■ Records for this exercise ■
:::
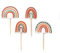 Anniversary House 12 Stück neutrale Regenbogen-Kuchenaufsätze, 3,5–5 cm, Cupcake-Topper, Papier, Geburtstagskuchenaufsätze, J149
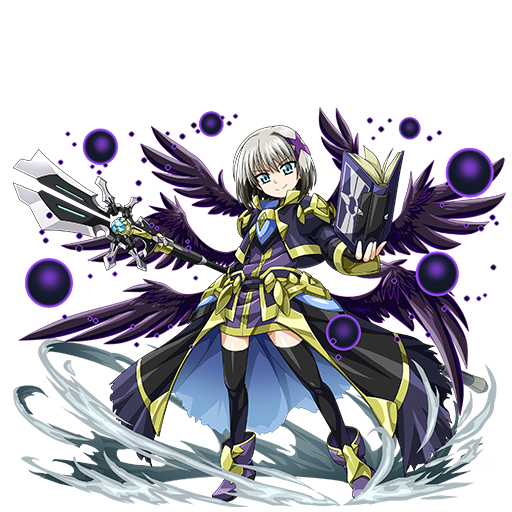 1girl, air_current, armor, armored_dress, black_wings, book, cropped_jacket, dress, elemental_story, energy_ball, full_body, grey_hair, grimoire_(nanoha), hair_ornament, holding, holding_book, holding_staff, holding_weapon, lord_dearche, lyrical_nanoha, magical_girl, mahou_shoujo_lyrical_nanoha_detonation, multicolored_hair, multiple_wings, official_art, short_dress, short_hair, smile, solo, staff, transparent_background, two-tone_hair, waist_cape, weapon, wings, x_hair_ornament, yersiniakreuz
:::
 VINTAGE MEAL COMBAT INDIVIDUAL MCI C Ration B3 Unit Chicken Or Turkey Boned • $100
:::
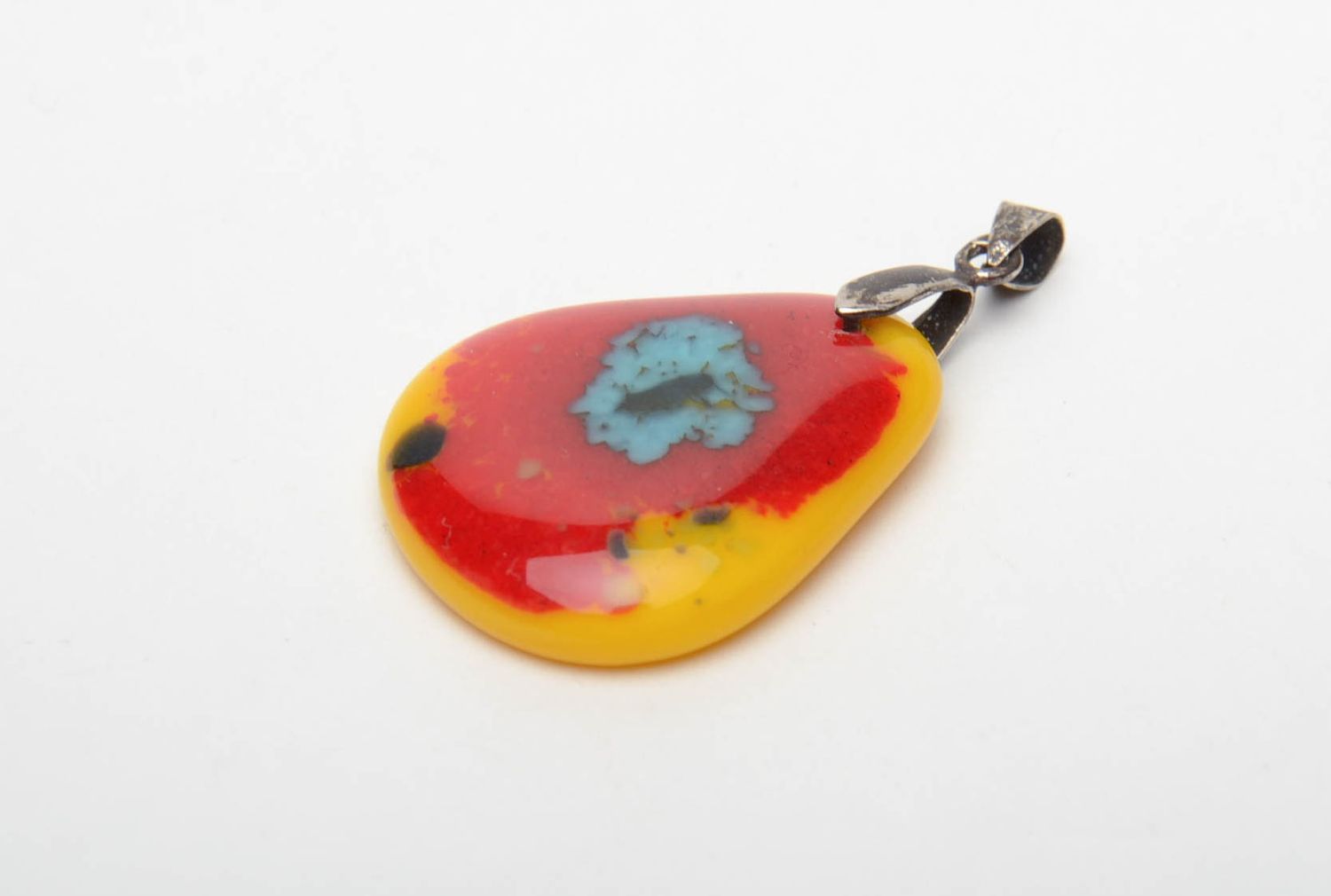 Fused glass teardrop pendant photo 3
:::
■ Your assignment ■
Look above for the line with "Anniversary House 12" and the line with "wings, x_hair_ornament, yersiniakreuz", then restate exactly those two lines and all lines between them, with no pictures.

■ Exercise result ■
 Anniversary House 12 Stück neutrale Regenbogen-Kuchenaufsätze, 3,5–5 cm, Cupcake-Topper, Papier, Geburtstagskuchenaufsätze, J149
 1girl, air_current, armor, armored_dress, black_wings, book, cropped_jacket, dress, elemental_story, energy_ball, full_body, grey_hair, grimoire_(nanoha), hair_ornament, holding, holding_book, holding_staff, holding_weapon, lord_dearche, lyrical_nanoha, magical_girl, mahou_shoujo_lyrical_nanoha_detonation, multicolored_hair, multiple_wings, official_art, short_dress, short_hair, smile, solo, staff, transparent_background, two-tone_hair, waist_cape, weapon, wings, x_hair_ornament, yersiniakreuz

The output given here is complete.